-- Opening Marker --
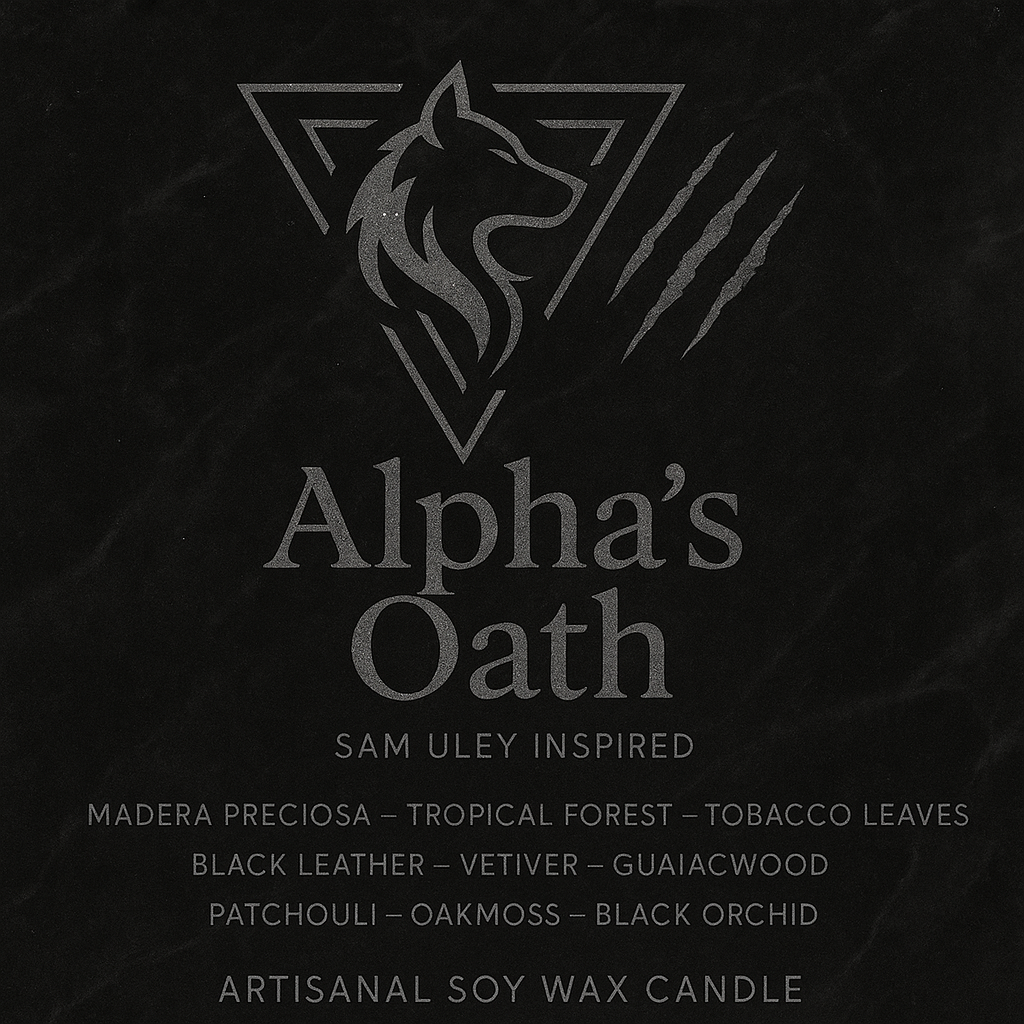 Bougie "Alpha's Oath" Sam Uley - Livraison
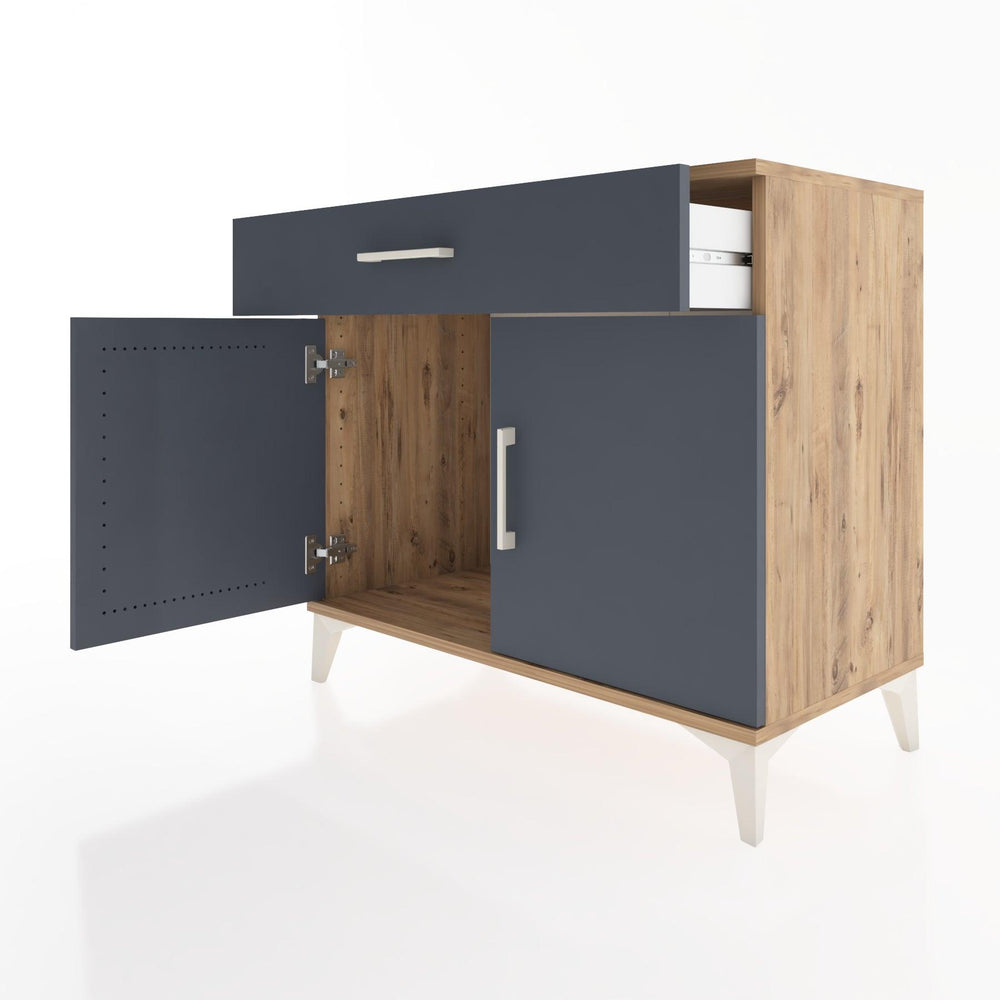 Woodntry Modular Dresser Pine 88x44x68 cm with Cover and Drawer KC9-3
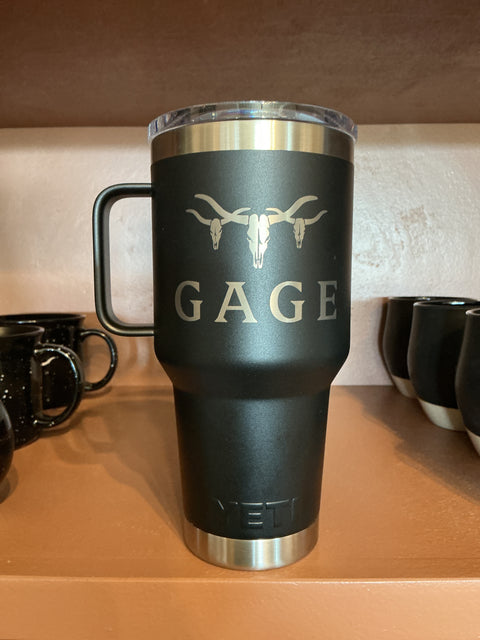 Gage Resort & Spa 30oz YETI Travel Mug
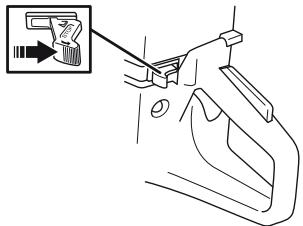 HUSQVARNA K 970 RESCUE - Vérification du bouton d'arrêt - 1
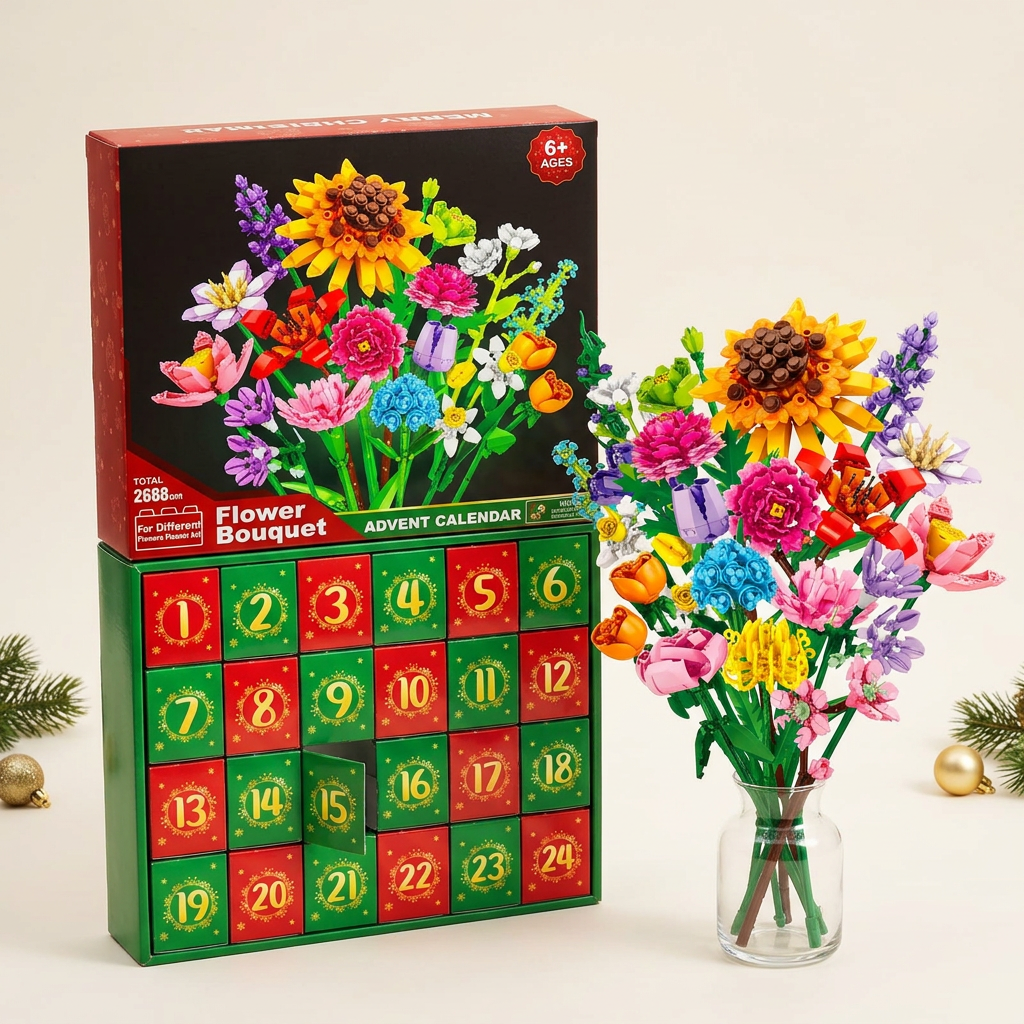 Bloom & Build Advent Christmas Calendar
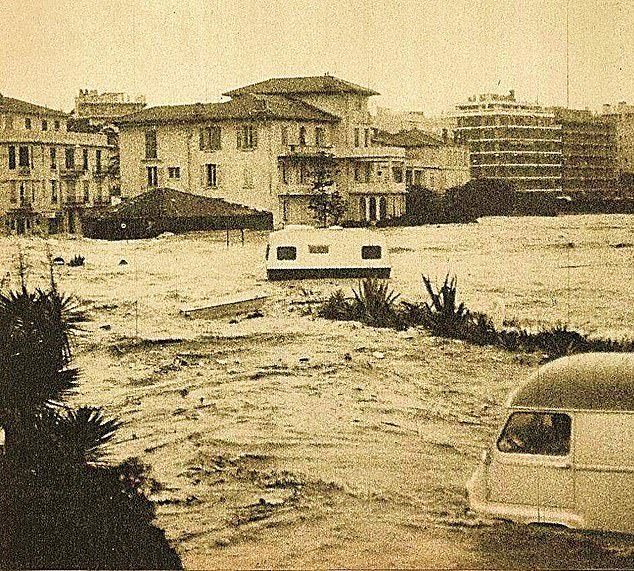 A tsunami in Nice in 1979, caused by the underwater collapse of part of a construction site, caused the deaths of eight people and significant damage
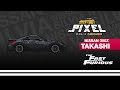 Pixel Car Racer l Nissan 350Z l F&F: Tokyo Drift livery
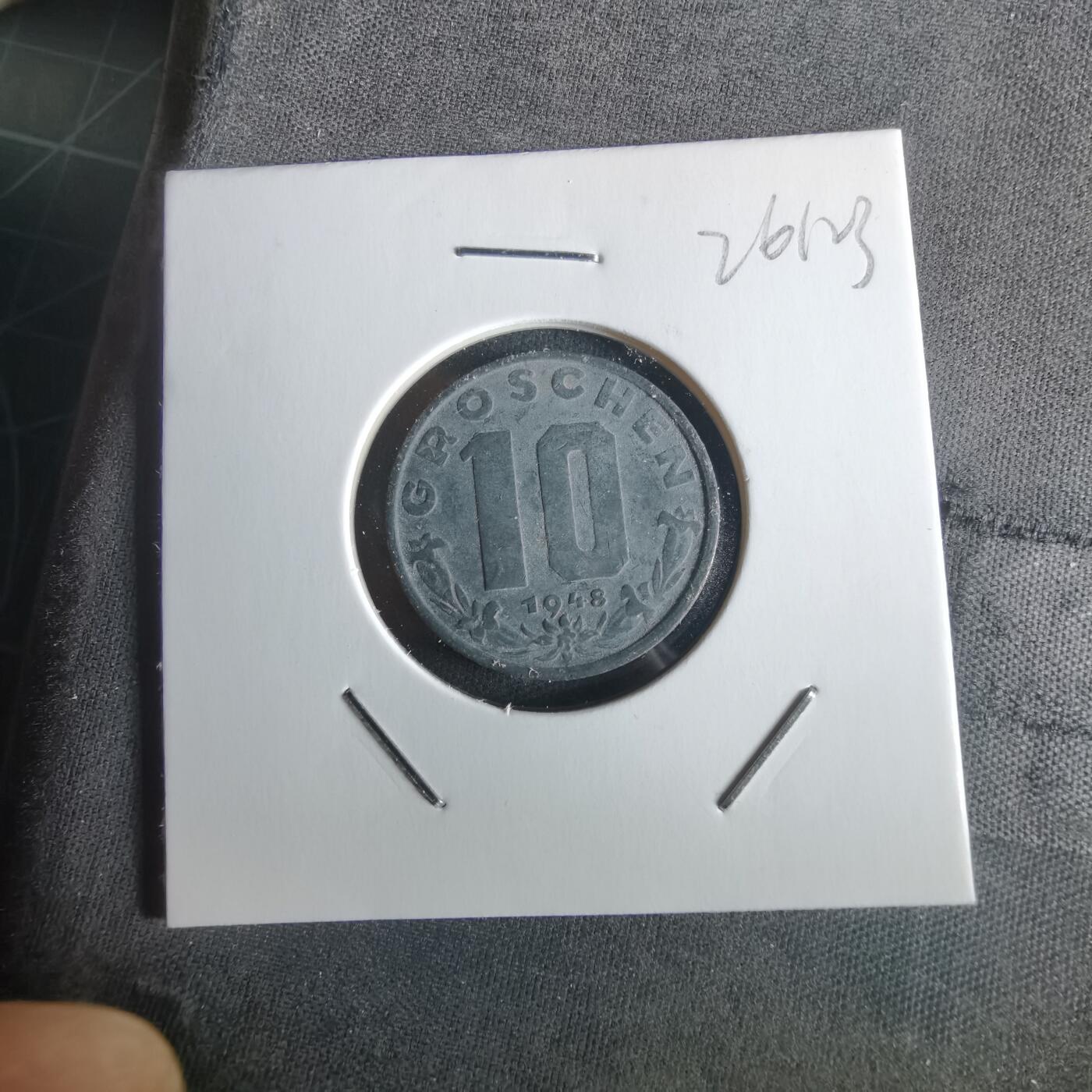 沼泽如烟--第1026场 爱尔兰1948年10格罗申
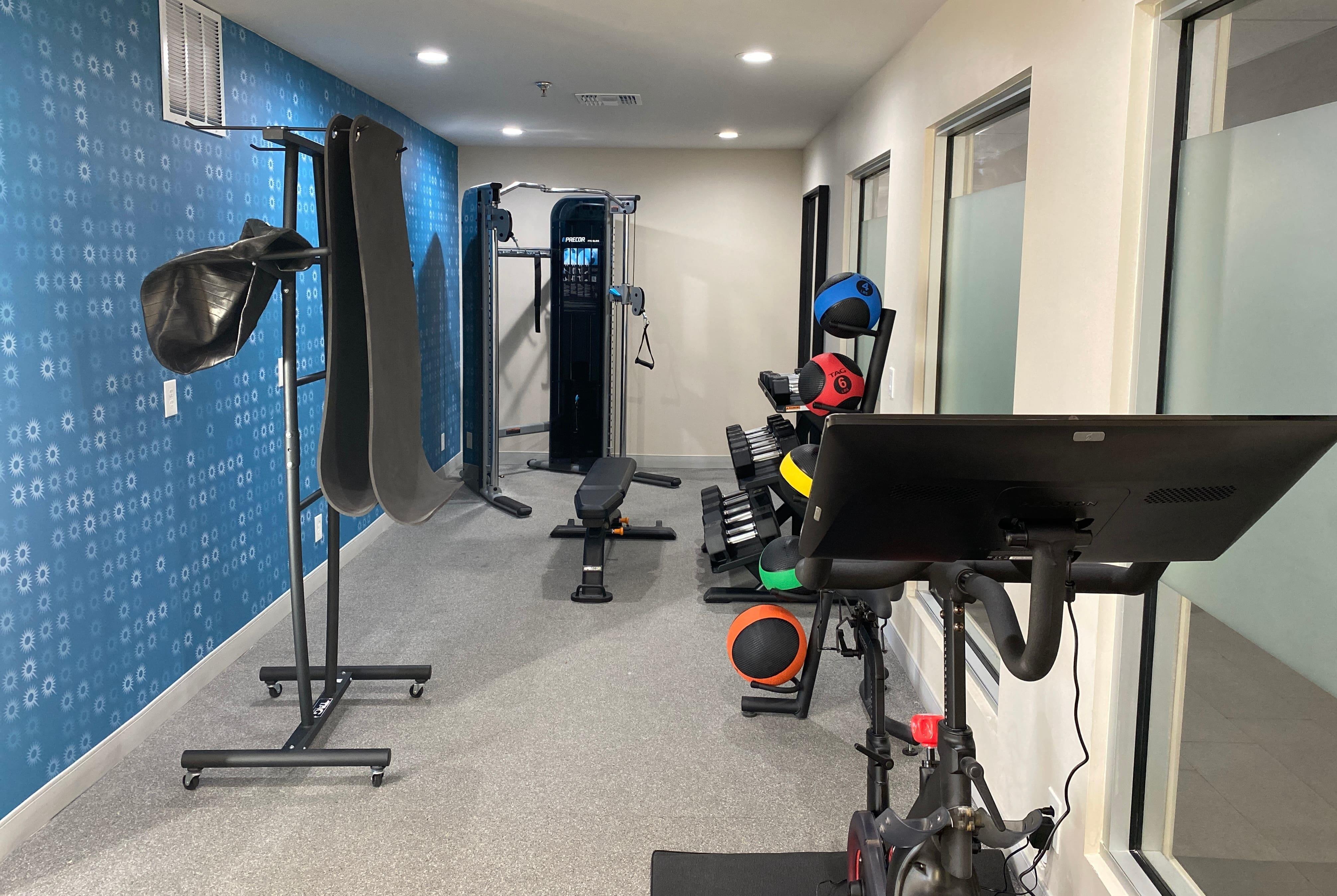 Health club fitness center gym | Baymont by Wyndham Safford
-- Closing Marker --
== TRY IT ==
The records above should be output exactly, but without any of their pictures.

== RESPONSE TO THE EXERCISE ==
 Bougie "Alpha's Oath" Sam Uley - Livraison
 Woodntry Modular Dresser Pine 88x44x68 cm with Cover and Drawer KC9-3
 Gage Resort & Spa 30oz YETI Travel Mug
 HUSQVARNA K 970 RESCUE - Vérification du bouton d'arrêt - 1
 Bloom & Build Advent Christmas Calendar
 A tsunami in Nice in 1979, caused by the underwater collapse of part of a construction site, caused the deaths of eight people and significant damage
 Pixel Car Racer l Nissan 350Z l F&F: Tokyo Drift livery
 沼泽如烟--第1026场 爱尔兰1948年10格罗申
 Health club fitness center gym | Baymont by Wyndham Safford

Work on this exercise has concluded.